• Directions for this task: In your copy, leave out the pictures and output only the lines from the one holding "Today I want" through the end of the data below, exactly.

• Given information:
+===+
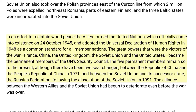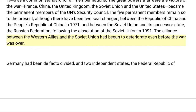In an effort to maintain world peace, the Allies formed the United Nations, which officially came into existence on 24 October 1945, and adopted the Universal Declaration of Human Rights in 1948 as a common standard for all member nations. The great powers that were the victors of the war — France, China, the United Kingdom, the Soviet Union, and the United States — became the permanent members of the UN Security Council. The five permanent members remain so to the present, although there have been two seat changes: between the Republic of China and the People's Republic of China in 1971, and between the Soviet Union and its successor state, the Russian Federation, following the dissolution of the Soviet Union in 1991.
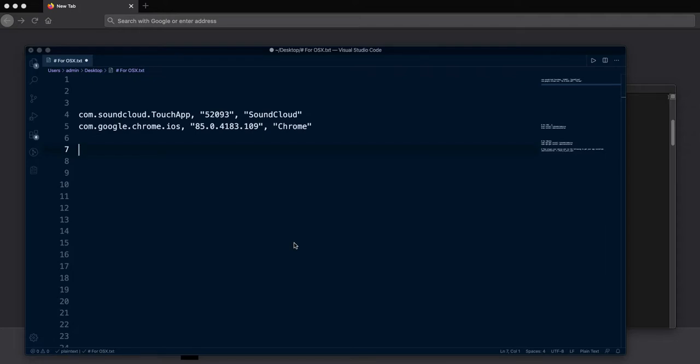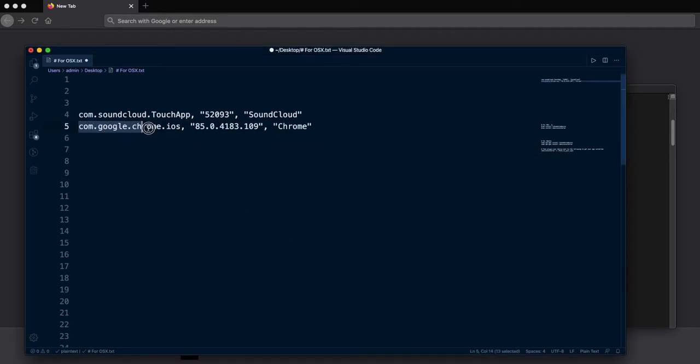Today I want to show you how you can find bundle ID of your IPA file on your iPhone device. It should be something like this for any app installed on your device.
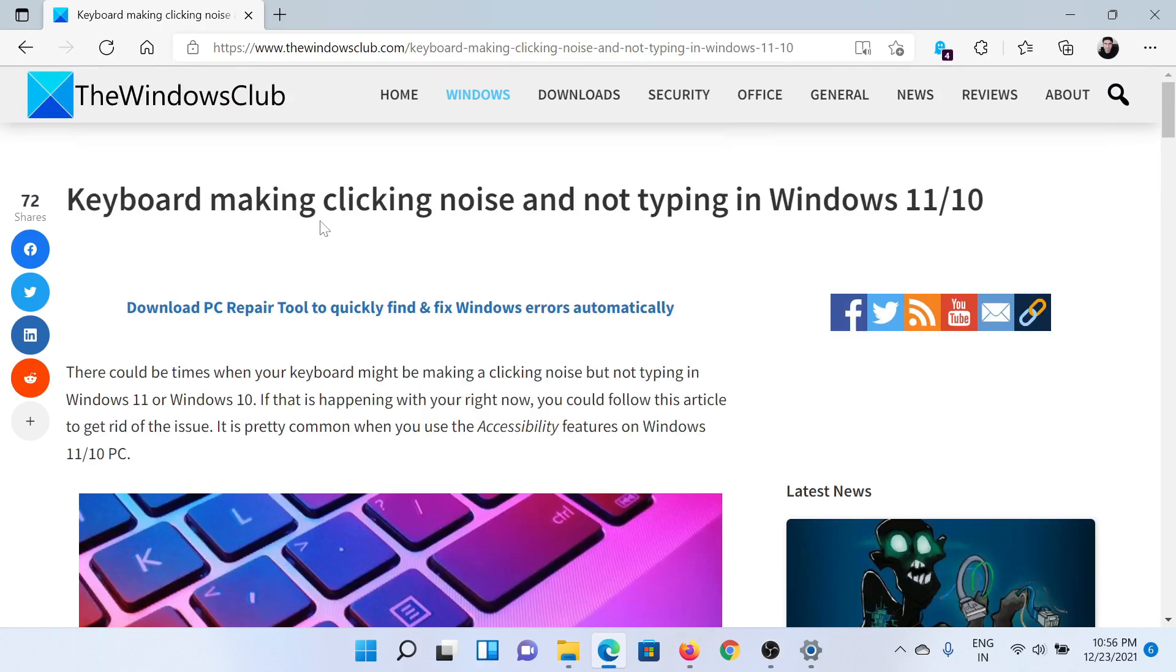If you have any doubts, please go to the original article on The Windows Club, scroll down to the comment section, and write your query. We will surely answer it. Do not forget to subscribe to the channel. Thank you for watching this video and have a nice day.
+===+
• Output:
Today I want to show you how you can find bundle ID of your IPA file on your iPhone device. It should be something like this for any app installed on your device.
If you have any doubts, please go to the original article on The Windows Club, scroll down to the comment section, and write your query. We will surely answer it. Do not forget to subscribe to the channel. Thank you for watching this video and have a nice day.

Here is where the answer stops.